What to work on:
Pictures in the records below must be left out. Return exactly the lines from the line with "vidaXL Πόρτα Περίφραξης" to the line with "Poppy Paeony Lilac Pompom Seeds", both included.

Supplied information:
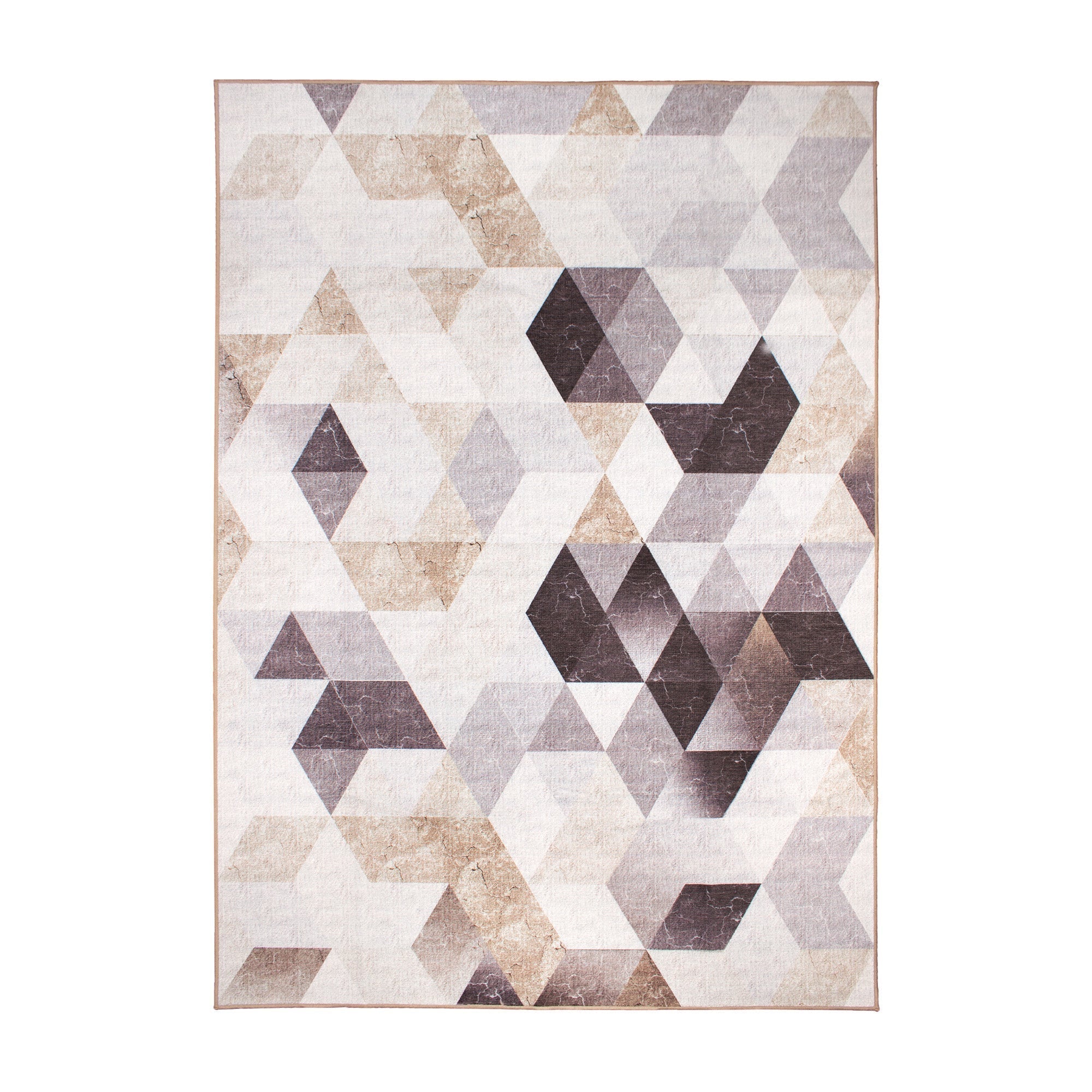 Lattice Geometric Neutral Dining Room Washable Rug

---

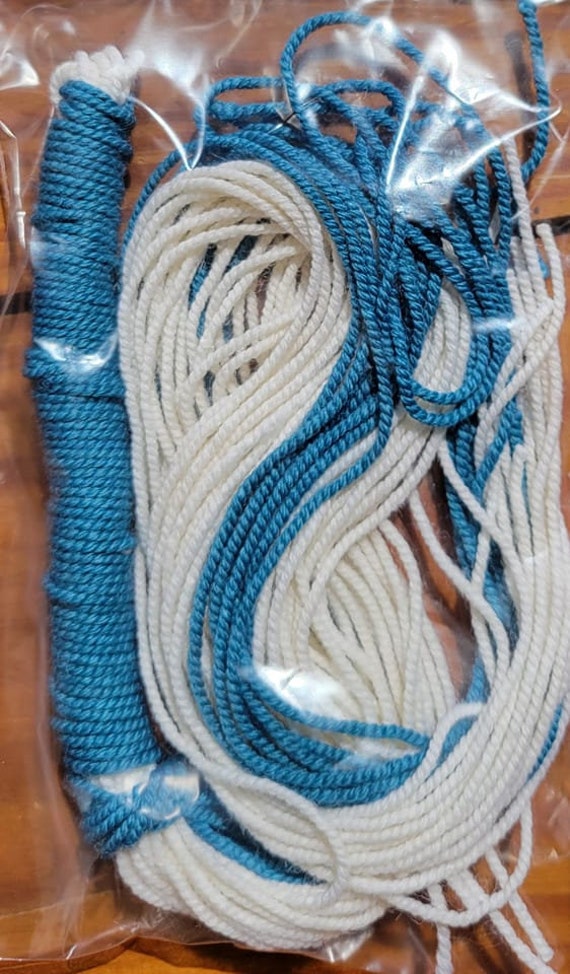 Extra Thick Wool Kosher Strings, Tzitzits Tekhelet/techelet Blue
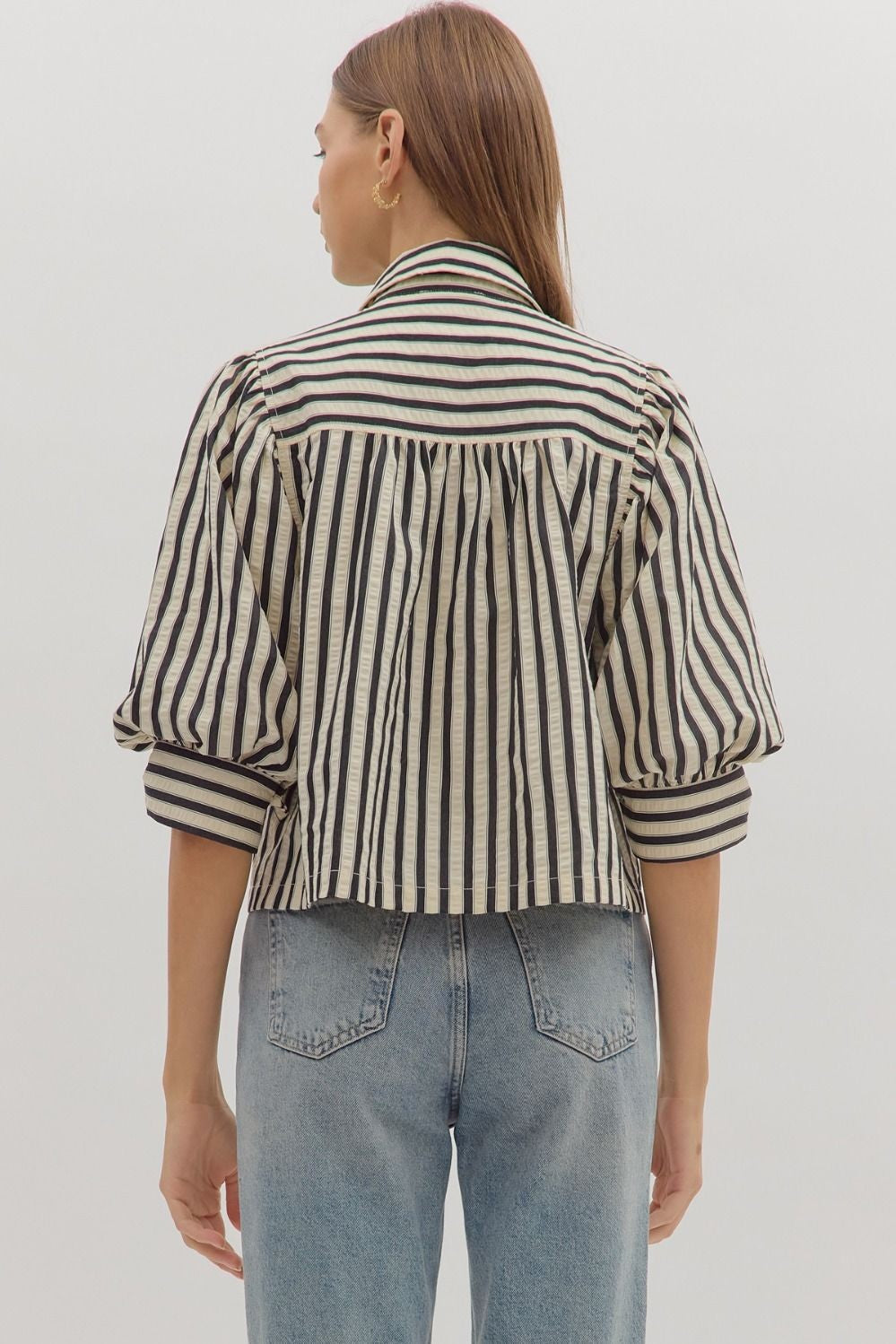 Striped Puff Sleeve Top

...

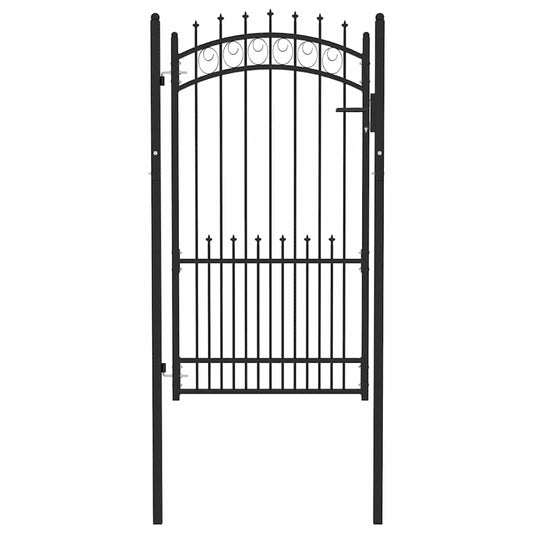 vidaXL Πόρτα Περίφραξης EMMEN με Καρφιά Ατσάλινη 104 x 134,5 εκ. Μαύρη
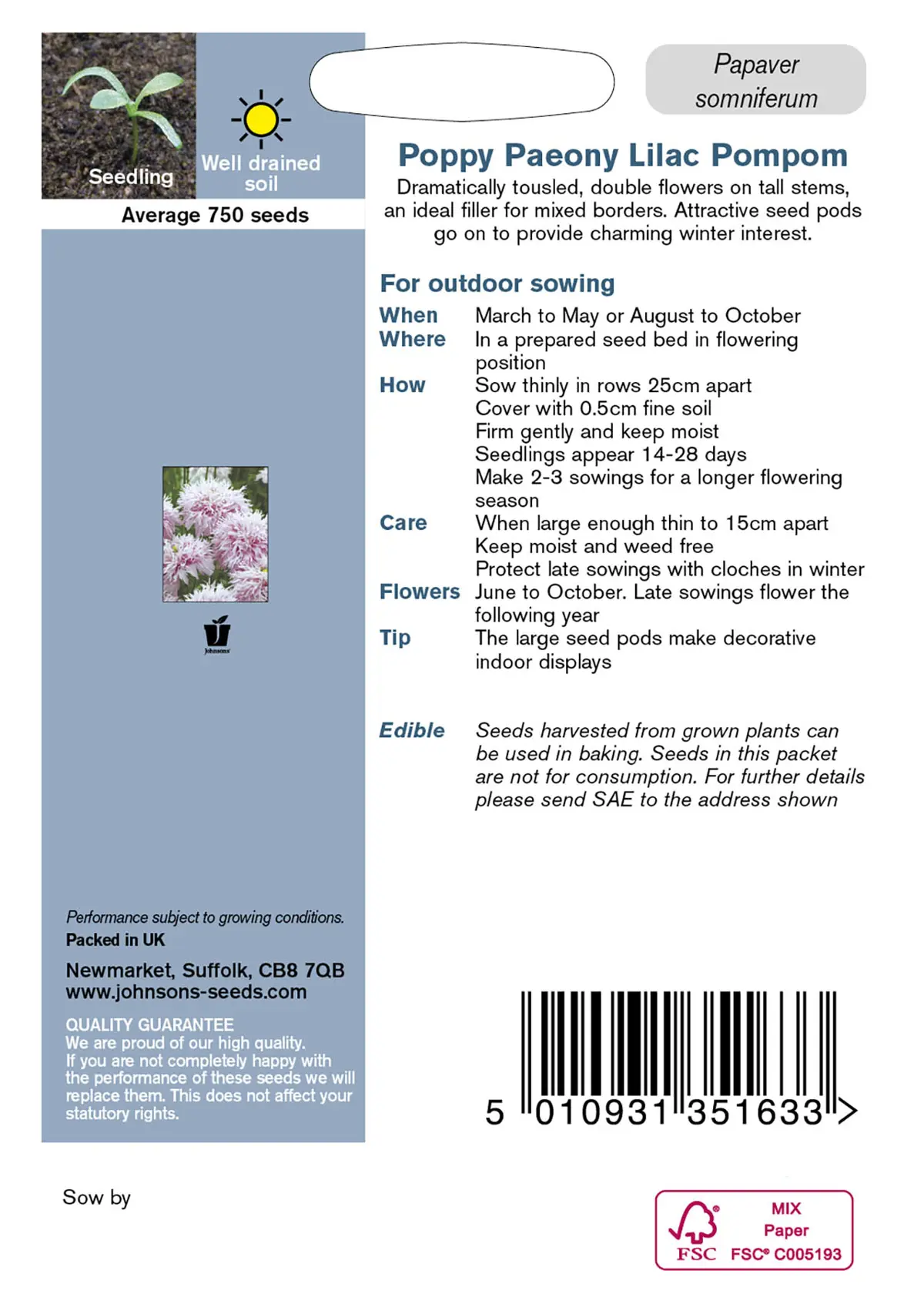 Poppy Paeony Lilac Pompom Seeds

Reply:
 vidaXL Πόρτα Περίφραξης EMMEN με Καρφιά Ατσάλινη 104 x 134,5 εκ. Μαύρη
 Poppy Paeony Lilac Pompom Seeds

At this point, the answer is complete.